祖父が亡くなる数年前、祖母が亡くなっていて、その臨終に立ち会った祖父は「俺が昏睡状態になっても無理に延命させなくていい」と、父に言っていた。
しかし、入院して病状が悪化し、昏睡状態になったとき、医師から延命措置をするかしないか聞かれた父は、迷わず延命をお願いした。祖父が亡くなったのはそれから1週間ほどしてからだ。
祖父が亡くなったあと、父は僕に「延命しなくていいとは言われてたけど、やはりいざとなったらできなかったよ」と言った。僕にというより、自分自身に言っていたのかもしれない。
いくらそれが祖父の意志だとしても、あのとき、延命を拒否していたら父は死ぬまで後悔することになったかもしれない。そう考えると、僕は自分自身が父の立場でも同じことをしたと思う。

僕の意志

僕はその後、高校、大学を卒業してトラック運転手になった。トラック運転手は子どものころから憧れていた職業だった。

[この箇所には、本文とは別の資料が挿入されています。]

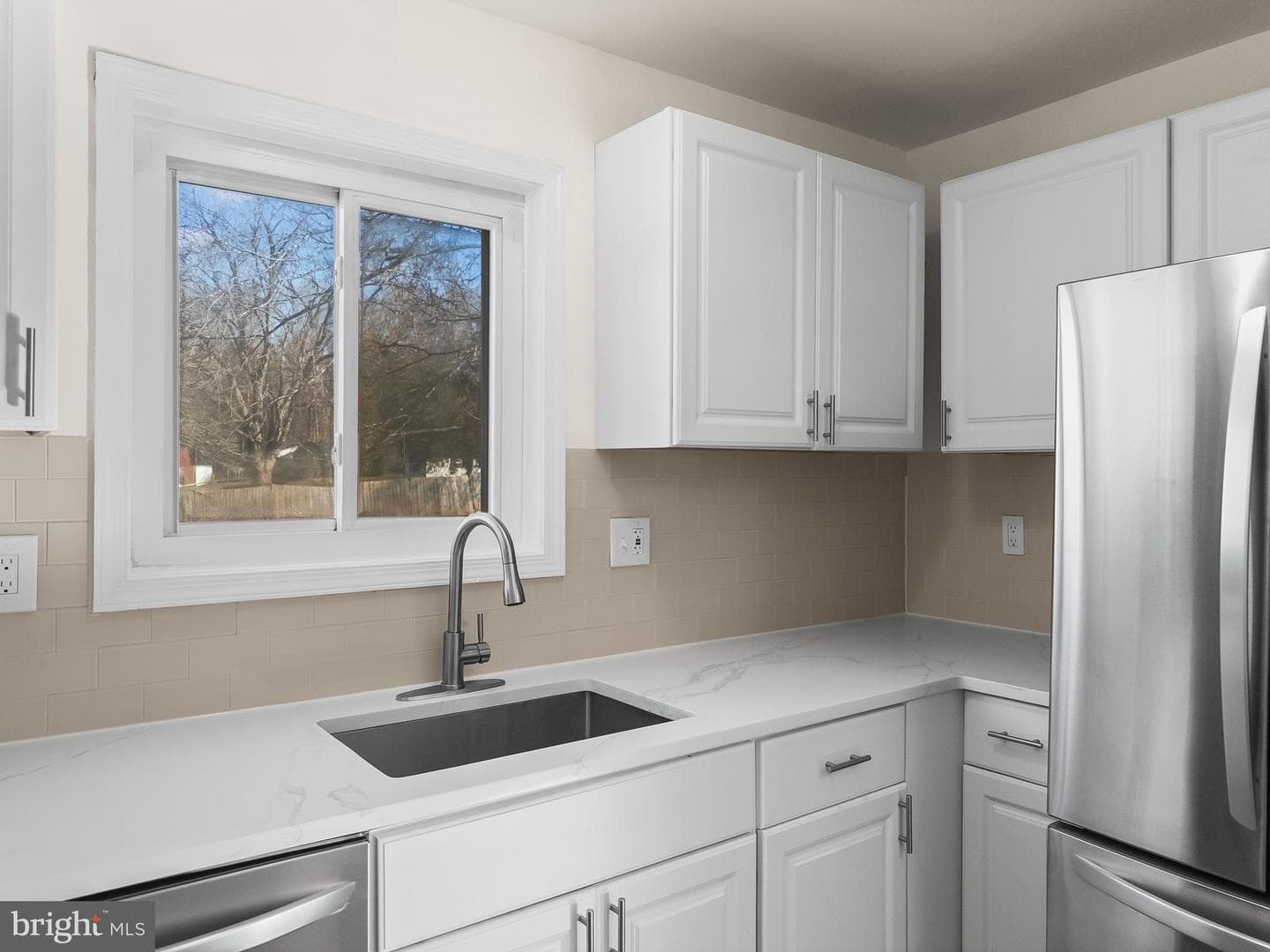 10100 Le Fevre Drive photo 6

だが、「トラック運転手になりたい」と言うと、誰もが渋い顔をした。父や母は反対した。ネットで調べると「トラック運転手はクズばかり」だの「トラック運転手は底辺職」だの「トラック運転手の仕事は過酷」だの「トラック運転手に将来はない」だの「トラック運転手の彼氏とは結婚するな」だの、さんざんな書かれようだ。
検索して結構上位に上がってくるのだから、あながちウソとは言えないかもしれない。しかし、トラック運転手が荷を運ぶことで人々の生活や経済を支えているのも間違いない事実だ。それだけ日ごろから世話になっているのに、よく平気で悪口を書けるなと憤らないこともないが、それはともかく、僕はトラック運転手になった。
だって、なりたかったんだもん。
ひどい職場なのか、そうでもないのか、やはり自分で確かめてみなきゃ分からんし、確かめてみないでトラック運転手にならなかったから、それこそ後々後悔するだろう。